If the Saeima of the Republic of Latvia wants to prove that it truly understands the latest developments in Ukraine and wants to prevent the occurrence of similar events in Latvia, the Statement on Russia’s Aggression in Ukraine adopted by the Saeima on 6 March should not remain merely declarative.
Therefore, after adopting the Statement, both the Saeima and the government need to take extraordinary measures on a national level to prevent potential threats to Latvia’s national security. It is well-known that international law and practice allow countries to take extraordinary measures, where national security is under threat.
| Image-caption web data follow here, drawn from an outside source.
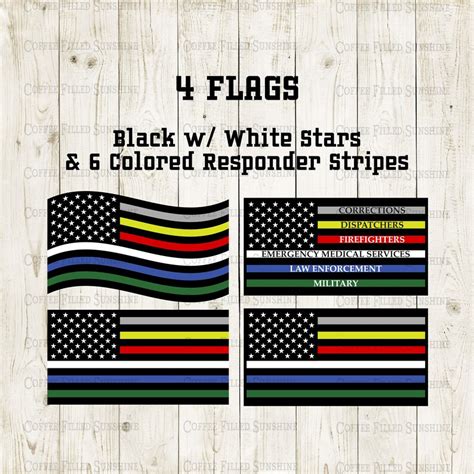 FIRST RESPONDER FLAG svg Police Firefighter Medical | Etsy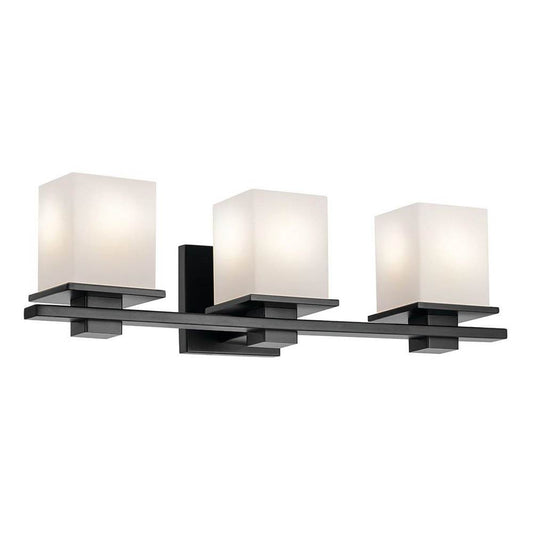 KICHLER 45151BK Tully 24" 3-Light Vanity Light with Satin Etched Cased Opal Glass in Black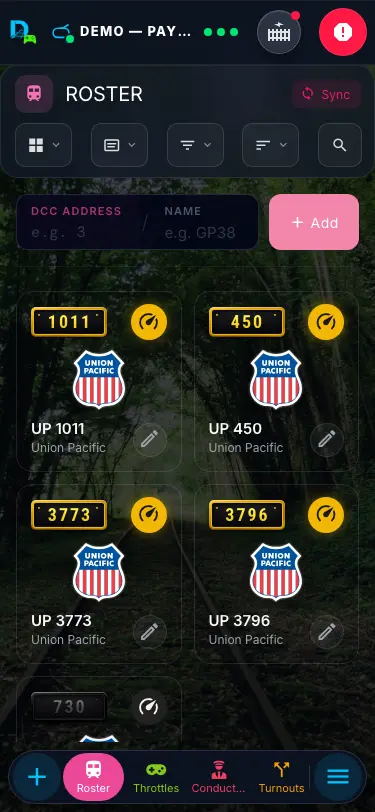 The Roster on a phone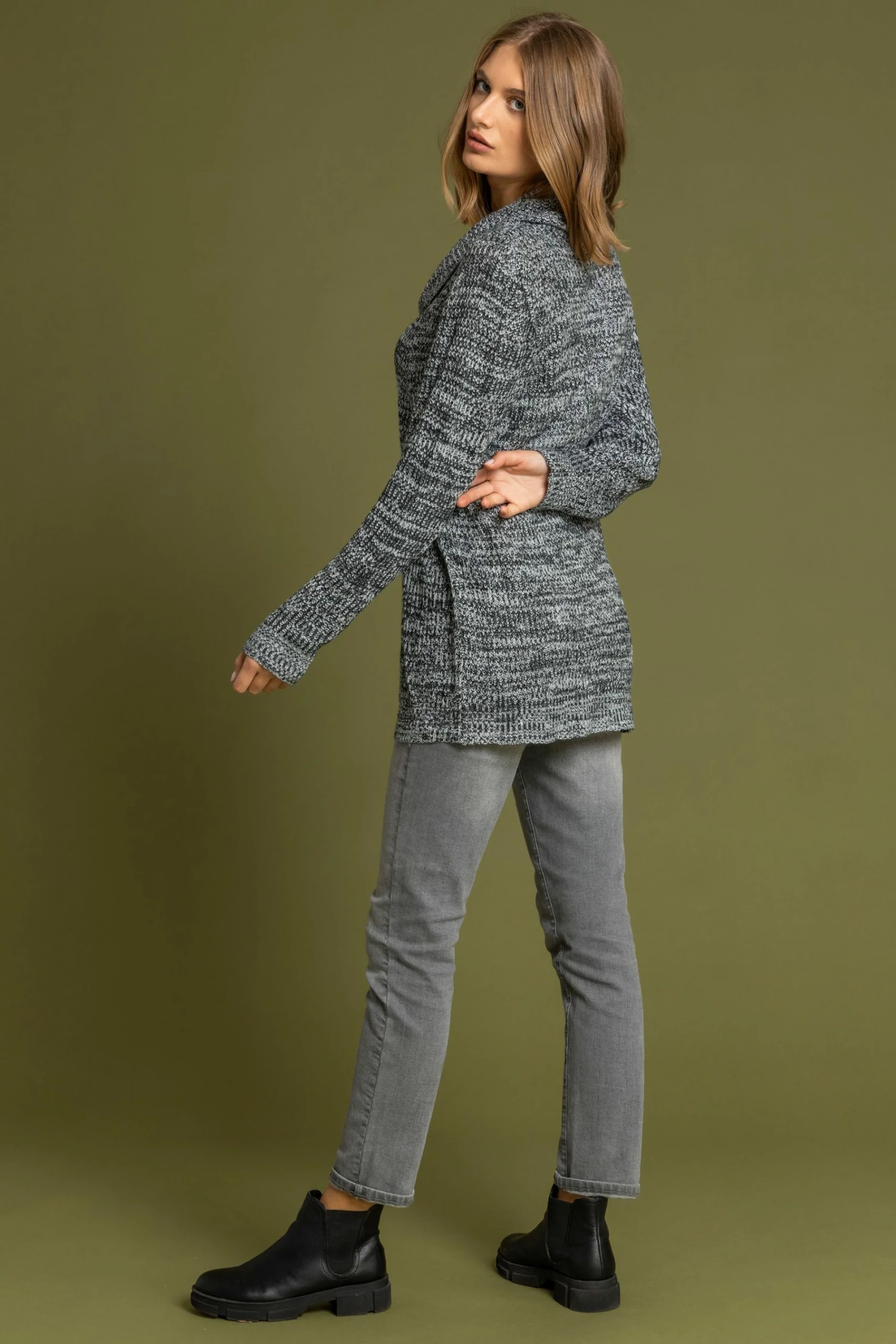 Roman Grey Textured Cowl Neck Jumper 4 Roman Grey Textured Cowl Neck Jumper - Image 2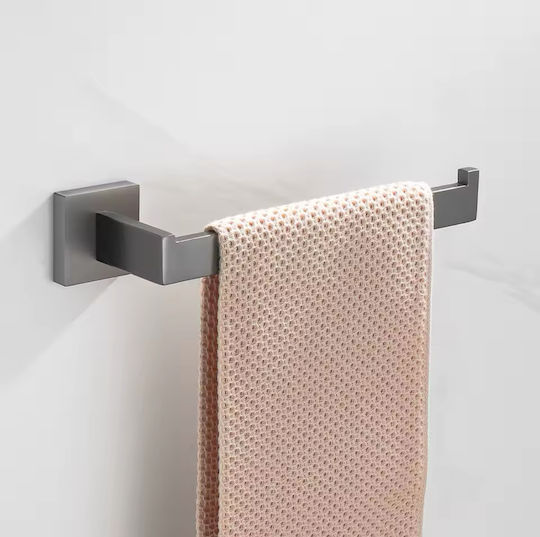 Naron Single Wall-Mounted Bathroom Rail ​57x57cm Inox Gray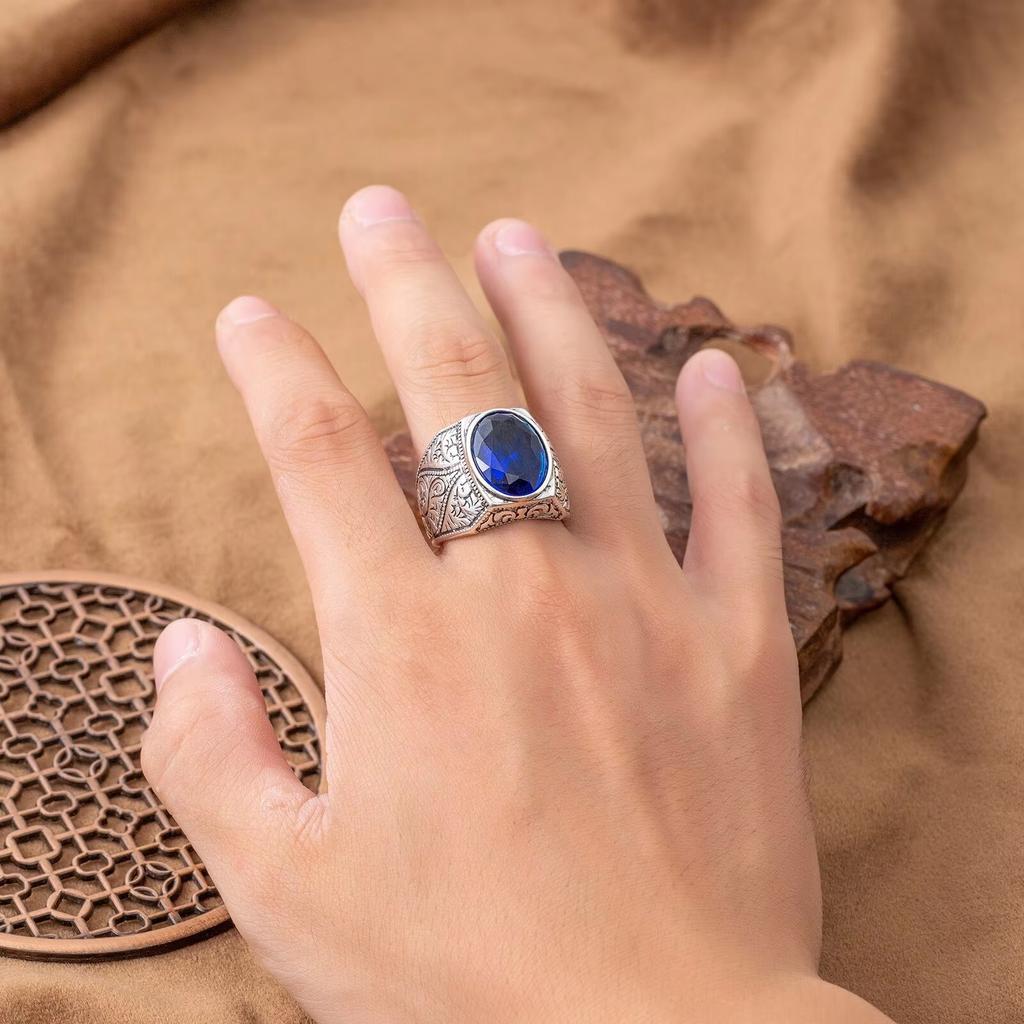 Wholesale Retro Party Jewelry Hot-Selling Cross-Border Turkish Style Oval Sapphire Ring for Men Silver Plated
During an extraordinary meeting held on 3 March, the parliamentary group and Board of the National Alliance adopted a decision to urge the government of Latvia and the Saeima to take determined measures and consider this matter at the cooperation council of coalition parties. The proposals are as follows:
1. To limit pro-Kremlin war propaganda in the Latvian media;
2. To suspend issuance of residence permits to citizens of the Russian Federation;
3. To boost the defence capacity of the Latvian National Guard and to increase its involvement in strengthening domestic security;
4. To take all possible measures to ensure permanent presence of NATO forces in the territory of Latvia;
5. To ensure maximum transparency of foreign financing to NGOs and, if necessary, to set limitations.
Additional information on each proposal
1. Ways to limit pro-Kremlin war propaganda in the Latvian media can be sought also outside the media space, namely, among national security tools. To enable early detection of anti-democratic military aggression propaganda, it is necessary to ensure regular media monitoring. The National Alliance urges the National Security Council and the National Security Committee of the Saeima to seek possible solutions. Not only the Ministry of Defence but also the National Security Council and the National Security Committee need to explain to the Saeima and to the public the essence and objectives of the war propaganda. Monitoring and evaluation of the Internet environment and other types of mass media should be conducted centrally.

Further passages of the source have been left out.